Proponents of affirmative action generally advocate it either as a means to address past discrimination or to enhance racial, ethnic, gender, or other diversity.[4] They may argue that the end result—a more diversified student body, police force or other group—justifies the means.

In the United States, opponents see the following problems with affirmative action, among others:

  • Affirmative action can be reconciled with neither the spirit nor the letter of the Constitution. (The validity of this statement is under question.) [citation needed]
  • It is inherently incompatible with, and even antithetical to, the American democratic form of government and the free enterprise economic system (The validity of this statement is under question.)[citation needed]
  • Groups favored by affirmative action will become dependent on its benefits. (The validity of this statement is under question) [citation needed]

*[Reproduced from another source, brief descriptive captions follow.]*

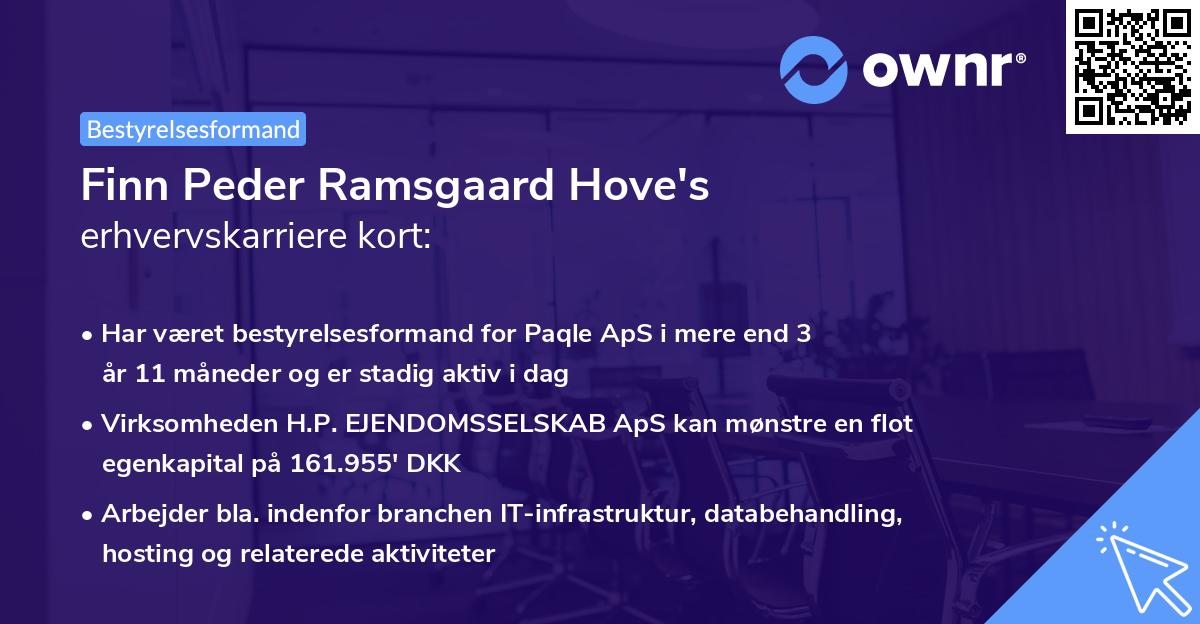 Finn Peder Ramsgaard Hove's erhvervskarriere kort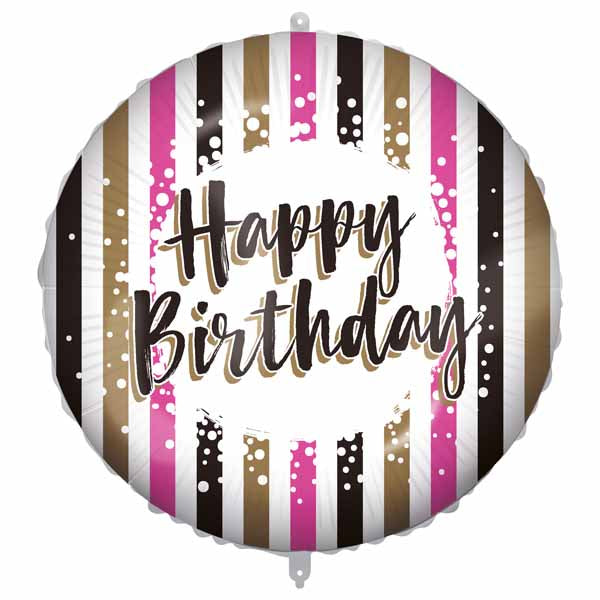 FOIL BALLOON 18" PKG HBDAY PK/GD STRIPES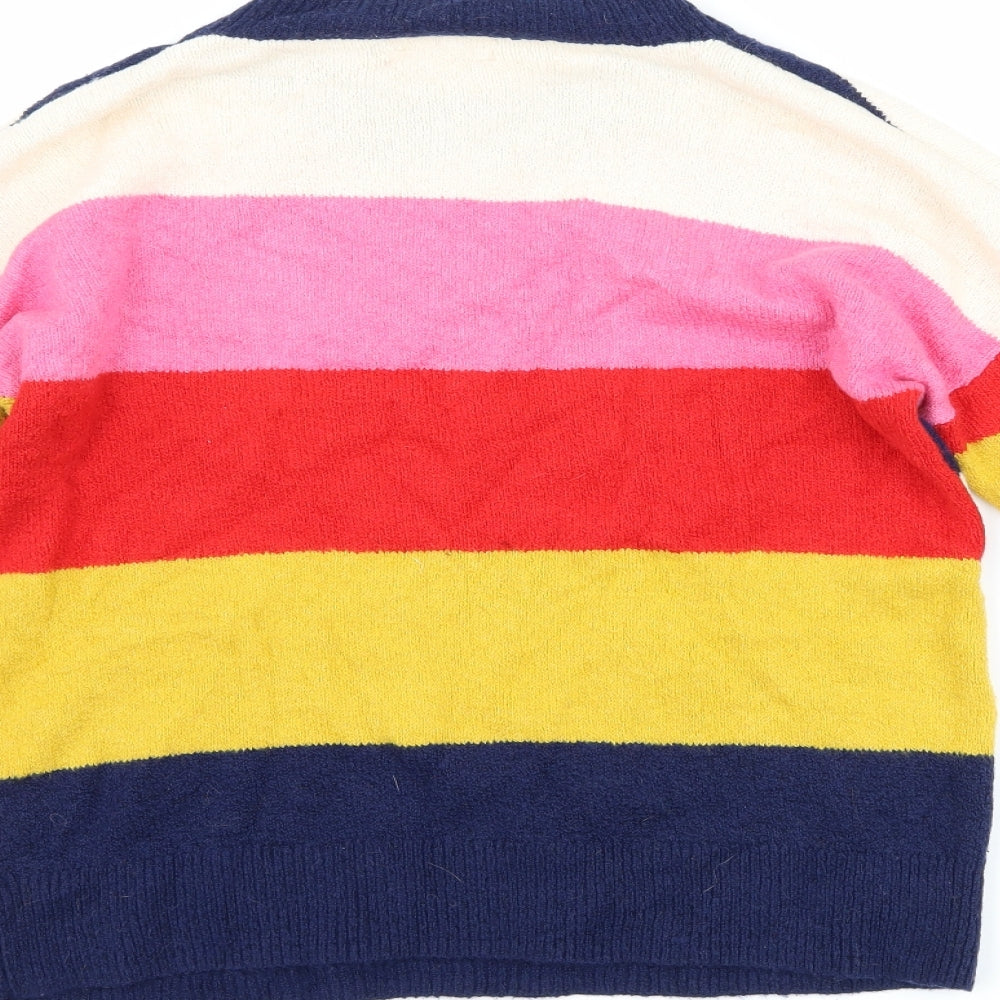 Yet Again Womens Blue Striped  Pullover Jumper Size XS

-charlie 22:38, 28 April 2007 (UTC)

re-organise and rename?

This article could do with some more citations (as per Charlie's comment above).

I think it would be a good idea to re-organise the section on 'implementation worldwide' to geographical areas ie. Europe, Asia, Africa - seems a bit more logical than the A-Z listing at the moment. Thoughts?

In the UK, Affirmative Action is not a term particularly commonly used - its usually positive or reverse discrimination. Does anyone know what the terms most commonly used in the rest of the world are? It may be more appropriate to rename this article Positive Discrimination or Reverse Discrimination with some big references to Affirmative Action at the top of the page if AA is not so commonly used?

Also, could anyone Archive some of the older bits on this talk page it's awfully long and most of it is irrelevant now because it's not about the US anymore.. I would but i don't know how - bit nervous about doing it first time.

Ta Gazzelle 12:10, 12 May 2007 (UTC)

The redirect from positive discrimination should be deleted and that article should be developed into an article on positive discrimination as it has developed elsewhere. As the edit wars over this article have illustrated, there are too many subtle differences between positive discrimination and affirmative action to consolidate them into a single coherent article. The more sophisticated approach would be to have two separate articles with extensive cross-linking; see Raised pavement marker and Cat's eye (road) for an example.
Also, affirmative action is the common term in the United States. The vast majority of ordinary Americans do not know or recognize the term positive discrimination, and would give you a funny look if you were to ask them what they thought of it. Only intellectuals like myself who commonly read foreign newspapers/periodicals or have visited Europe are familiar with the term. --Coolcaesar 17:53, 13 May 2007 (UTC)

against socio-politically dominant group ?

In the header I want to change against 'against socio-politically' to 'against socio-economically' dominant group. In a lot of cases (chinese) Malaysia, (forward castes) India the groups that aren't included in affirmative action policies are economically dominant (wealthier than average) but not politically (as they are a minority with little political power).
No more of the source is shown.